It’s late at night and the dusk surrounds me like a soft blanket of solitude. I’m holding a glass of dry wine, bitter like my life, and in my ears plays sad music that, as usual, brings me back to thoughts of love. Why it doesn’t come? Why does every attempt end right here, with this glass, in this darkness? It all used to be so simple.
Questions swirl in my mind. How long does it take to truly fall in love? And how long to realize it? When I was younger, love came quietly—often after years of friendship. Those were the longest and most beautiful relationships I had. But there were also the ones that began fast and faded just as quickly.
Maybe the mistake is expecting. Maybe it’s better to let things flow, without demands or imagined pictures. And what is loneliness, really? Just a state of mind? And what about love itself? What is it? Is it only about romance?
Who in your life would call you at three in the morning because there’s no other time you can find to talk? Who thinks about your schedule just to make space to speak with you? I’m lucky, because I have such a sunshine in my life. Her light brightens my days, and I already know her value in my eyes is beyond compare.

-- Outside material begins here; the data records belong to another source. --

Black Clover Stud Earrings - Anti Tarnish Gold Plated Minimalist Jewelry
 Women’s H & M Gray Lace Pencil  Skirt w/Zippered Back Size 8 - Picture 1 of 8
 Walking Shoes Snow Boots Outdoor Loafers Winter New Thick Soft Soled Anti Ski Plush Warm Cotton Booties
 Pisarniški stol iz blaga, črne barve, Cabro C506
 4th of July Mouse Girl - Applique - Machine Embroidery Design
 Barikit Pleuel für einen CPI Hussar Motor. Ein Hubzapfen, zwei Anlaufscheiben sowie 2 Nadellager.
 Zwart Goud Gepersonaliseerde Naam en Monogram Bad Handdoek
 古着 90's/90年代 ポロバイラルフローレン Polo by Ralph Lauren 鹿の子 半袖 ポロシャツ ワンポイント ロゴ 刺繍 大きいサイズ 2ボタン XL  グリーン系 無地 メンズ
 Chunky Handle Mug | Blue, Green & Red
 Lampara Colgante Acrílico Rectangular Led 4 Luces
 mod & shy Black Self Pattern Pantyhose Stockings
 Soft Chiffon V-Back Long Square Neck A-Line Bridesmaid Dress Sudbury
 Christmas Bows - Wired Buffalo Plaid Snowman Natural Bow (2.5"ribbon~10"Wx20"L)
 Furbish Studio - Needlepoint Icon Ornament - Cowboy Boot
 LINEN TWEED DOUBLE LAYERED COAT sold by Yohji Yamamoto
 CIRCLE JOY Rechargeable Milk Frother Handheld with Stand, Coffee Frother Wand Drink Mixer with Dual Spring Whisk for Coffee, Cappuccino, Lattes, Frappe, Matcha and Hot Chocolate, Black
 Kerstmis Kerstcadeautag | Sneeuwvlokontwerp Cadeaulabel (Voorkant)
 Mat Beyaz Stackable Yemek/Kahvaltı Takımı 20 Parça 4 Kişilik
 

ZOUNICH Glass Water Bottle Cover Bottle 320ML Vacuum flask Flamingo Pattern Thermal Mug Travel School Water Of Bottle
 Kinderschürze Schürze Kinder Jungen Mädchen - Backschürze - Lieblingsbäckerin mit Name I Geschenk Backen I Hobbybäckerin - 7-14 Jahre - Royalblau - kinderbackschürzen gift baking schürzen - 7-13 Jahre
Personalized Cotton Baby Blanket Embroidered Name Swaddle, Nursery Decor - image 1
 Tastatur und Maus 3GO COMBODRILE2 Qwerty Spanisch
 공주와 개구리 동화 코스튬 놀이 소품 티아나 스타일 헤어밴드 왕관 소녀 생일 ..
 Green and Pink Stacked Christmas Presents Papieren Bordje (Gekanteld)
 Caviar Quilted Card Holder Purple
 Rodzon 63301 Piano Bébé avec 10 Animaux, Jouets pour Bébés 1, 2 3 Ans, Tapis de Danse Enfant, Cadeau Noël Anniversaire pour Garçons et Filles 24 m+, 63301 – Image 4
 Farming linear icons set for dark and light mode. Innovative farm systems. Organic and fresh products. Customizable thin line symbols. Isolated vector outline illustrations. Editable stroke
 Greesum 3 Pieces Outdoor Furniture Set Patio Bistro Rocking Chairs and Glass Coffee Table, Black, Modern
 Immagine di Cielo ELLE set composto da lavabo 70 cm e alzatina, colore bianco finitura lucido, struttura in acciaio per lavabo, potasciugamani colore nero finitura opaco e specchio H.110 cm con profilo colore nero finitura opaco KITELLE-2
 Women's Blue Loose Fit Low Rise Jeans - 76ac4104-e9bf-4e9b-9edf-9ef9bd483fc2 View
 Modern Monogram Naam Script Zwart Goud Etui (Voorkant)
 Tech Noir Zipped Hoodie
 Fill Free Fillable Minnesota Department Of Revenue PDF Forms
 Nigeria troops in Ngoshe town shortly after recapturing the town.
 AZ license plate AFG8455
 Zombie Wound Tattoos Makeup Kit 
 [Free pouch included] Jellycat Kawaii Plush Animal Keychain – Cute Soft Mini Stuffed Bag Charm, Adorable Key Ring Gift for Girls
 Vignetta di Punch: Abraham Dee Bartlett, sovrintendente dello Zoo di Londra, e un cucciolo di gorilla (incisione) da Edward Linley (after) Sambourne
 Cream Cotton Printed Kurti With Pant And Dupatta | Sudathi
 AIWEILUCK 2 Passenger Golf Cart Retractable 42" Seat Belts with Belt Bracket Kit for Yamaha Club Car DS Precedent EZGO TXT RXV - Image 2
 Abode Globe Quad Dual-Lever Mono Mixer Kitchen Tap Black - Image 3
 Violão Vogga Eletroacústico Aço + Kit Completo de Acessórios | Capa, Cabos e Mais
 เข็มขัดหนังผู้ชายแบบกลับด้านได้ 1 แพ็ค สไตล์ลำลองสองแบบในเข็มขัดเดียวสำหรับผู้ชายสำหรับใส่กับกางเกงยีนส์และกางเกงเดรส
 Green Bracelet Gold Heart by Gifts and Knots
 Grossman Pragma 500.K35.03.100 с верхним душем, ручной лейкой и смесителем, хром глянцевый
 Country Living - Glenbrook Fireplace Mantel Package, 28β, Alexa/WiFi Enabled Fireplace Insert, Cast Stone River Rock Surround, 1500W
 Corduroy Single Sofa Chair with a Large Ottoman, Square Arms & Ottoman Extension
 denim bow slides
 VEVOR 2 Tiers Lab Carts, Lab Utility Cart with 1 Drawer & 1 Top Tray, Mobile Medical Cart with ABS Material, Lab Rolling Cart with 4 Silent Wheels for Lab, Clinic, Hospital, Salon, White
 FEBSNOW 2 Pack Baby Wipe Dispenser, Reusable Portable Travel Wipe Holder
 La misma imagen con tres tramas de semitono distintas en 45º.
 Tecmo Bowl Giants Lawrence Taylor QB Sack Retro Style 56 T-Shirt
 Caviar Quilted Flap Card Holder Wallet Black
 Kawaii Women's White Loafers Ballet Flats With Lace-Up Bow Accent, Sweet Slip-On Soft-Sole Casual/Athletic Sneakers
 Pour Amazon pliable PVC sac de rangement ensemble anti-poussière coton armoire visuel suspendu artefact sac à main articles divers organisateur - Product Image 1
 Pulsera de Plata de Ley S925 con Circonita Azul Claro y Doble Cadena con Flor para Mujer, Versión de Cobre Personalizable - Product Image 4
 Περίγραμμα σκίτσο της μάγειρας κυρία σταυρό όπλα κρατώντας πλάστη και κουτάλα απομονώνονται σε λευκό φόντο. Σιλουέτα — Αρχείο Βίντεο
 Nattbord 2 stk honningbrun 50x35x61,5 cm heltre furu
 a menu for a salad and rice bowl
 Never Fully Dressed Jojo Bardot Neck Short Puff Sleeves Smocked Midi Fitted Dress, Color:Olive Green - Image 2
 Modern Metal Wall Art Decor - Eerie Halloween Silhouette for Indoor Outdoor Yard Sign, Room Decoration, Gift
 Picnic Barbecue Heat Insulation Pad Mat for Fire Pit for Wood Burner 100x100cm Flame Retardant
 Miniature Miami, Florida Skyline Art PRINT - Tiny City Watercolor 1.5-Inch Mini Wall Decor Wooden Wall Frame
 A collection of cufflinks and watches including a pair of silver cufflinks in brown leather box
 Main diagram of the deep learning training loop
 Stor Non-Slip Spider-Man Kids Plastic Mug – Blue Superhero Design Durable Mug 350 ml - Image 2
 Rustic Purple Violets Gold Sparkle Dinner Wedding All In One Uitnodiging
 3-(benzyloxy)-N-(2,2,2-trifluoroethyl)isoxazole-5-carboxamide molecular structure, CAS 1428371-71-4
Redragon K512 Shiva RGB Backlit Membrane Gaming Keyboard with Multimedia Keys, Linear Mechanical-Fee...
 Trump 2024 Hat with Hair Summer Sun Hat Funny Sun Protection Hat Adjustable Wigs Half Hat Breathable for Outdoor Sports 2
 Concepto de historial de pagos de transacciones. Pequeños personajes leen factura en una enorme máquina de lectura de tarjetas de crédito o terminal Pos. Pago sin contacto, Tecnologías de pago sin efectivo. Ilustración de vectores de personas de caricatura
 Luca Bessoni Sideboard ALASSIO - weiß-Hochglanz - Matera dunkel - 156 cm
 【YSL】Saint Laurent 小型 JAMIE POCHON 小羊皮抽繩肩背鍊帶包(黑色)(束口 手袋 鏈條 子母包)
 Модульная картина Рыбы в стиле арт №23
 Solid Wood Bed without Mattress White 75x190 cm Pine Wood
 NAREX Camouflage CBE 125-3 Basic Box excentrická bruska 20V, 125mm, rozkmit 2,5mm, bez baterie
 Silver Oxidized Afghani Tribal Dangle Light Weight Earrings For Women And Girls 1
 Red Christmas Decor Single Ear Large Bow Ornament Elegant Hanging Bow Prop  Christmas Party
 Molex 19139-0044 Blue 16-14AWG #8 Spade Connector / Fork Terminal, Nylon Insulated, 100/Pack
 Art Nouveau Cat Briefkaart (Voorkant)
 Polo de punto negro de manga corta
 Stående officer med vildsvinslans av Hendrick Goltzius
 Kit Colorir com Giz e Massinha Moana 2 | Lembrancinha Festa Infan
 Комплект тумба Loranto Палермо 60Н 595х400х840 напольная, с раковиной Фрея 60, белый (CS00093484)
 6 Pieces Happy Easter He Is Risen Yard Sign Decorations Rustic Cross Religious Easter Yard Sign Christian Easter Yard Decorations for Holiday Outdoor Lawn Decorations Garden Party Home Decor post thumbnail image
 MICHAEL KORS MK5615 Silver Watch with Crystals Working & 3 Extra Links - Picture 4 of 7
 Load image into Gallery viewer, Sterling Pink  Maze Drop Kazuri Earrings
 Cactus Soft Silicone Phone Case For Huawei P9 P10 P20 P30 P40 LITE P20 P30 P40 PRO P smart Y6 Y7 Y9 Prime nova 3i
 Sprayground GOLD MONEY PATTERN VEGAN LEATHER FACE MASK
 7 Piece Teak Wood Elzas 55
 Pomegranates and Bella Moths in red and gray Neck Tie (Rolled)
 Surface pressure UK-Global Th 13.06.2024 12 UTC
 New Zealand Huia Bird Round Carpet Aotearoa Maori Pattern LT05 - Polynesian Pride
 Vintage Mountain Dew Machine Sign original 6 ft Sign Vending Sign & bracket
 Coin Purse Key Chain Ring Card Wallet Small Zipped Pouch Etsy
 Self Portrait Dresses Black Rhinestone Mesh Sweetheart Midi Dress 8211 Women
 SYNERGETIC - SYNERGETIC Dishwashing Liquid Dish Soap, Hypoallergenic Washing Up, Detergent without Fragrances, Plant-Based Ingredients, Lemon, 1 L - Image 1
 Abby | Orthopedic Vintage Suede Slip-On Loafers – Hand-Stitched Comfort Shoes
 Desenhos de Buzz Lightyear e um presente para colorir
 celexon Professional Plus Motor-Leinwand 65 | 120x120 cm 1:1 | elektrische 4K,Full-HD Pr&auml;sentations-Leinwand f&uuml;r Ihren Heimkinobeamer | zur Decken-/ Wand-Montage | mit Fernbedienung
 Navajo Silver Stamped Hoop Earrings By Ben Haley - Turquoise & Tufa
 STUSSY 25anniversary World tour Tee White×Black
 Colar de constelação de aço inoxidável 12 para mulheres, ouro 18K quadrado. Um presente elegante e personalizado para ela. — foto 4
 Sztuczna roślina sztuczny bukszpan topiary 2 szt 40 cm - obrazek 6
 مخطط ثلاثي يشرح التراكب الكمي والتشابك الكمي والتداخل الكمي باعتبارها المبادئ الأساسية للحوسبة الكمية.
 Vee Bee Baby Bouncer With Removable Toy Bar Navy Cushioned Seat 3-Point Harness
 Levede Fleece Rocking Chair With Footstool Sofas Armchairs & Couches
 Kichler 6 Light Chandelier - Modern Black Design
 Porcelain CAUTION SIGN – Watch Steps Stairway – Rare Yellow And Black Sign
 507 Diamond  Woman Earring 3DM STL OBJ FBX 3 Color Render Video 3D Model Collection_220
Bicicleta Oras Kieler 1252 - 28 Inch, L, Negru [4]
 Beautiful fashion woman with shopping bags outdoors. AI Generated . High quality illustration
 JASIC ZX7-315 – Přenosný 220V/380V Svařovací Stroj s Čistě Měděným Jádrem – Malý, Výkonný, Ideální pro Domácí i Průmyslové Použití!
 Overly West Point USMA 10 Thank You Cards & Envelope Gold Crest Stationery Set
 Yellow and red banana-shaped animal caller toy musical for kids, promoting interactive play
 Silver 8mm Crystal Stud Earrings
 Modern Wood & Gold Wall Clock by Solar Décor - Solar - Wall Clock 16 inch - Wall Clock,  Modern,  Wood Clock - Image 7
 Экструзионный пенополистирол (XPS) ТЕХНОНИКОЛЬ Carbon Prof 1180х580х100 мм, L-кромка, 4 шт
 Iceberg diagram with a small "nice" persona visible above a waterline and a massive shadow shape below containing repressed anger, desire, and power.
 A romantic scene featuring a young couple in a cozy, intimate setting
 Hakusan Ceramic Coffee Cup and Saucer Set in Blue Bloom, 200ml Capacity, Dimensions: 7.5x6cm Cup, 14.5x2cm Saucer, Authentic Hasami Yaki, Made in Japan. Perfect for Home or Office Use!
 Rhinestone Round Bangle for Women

I keep thinking about other people in my life—those without whom I can’t imagine living. People I wouldn’t even hesitate for, people I’d run to if they needed me.
So why am I still chasing love? A partner? Do I miss that evening embrace so much that I keep giving it all this time?
Maybe it’s time to let things be. Try to brighten someone’s day. And wait until something unbelievably beautiful grows from it all.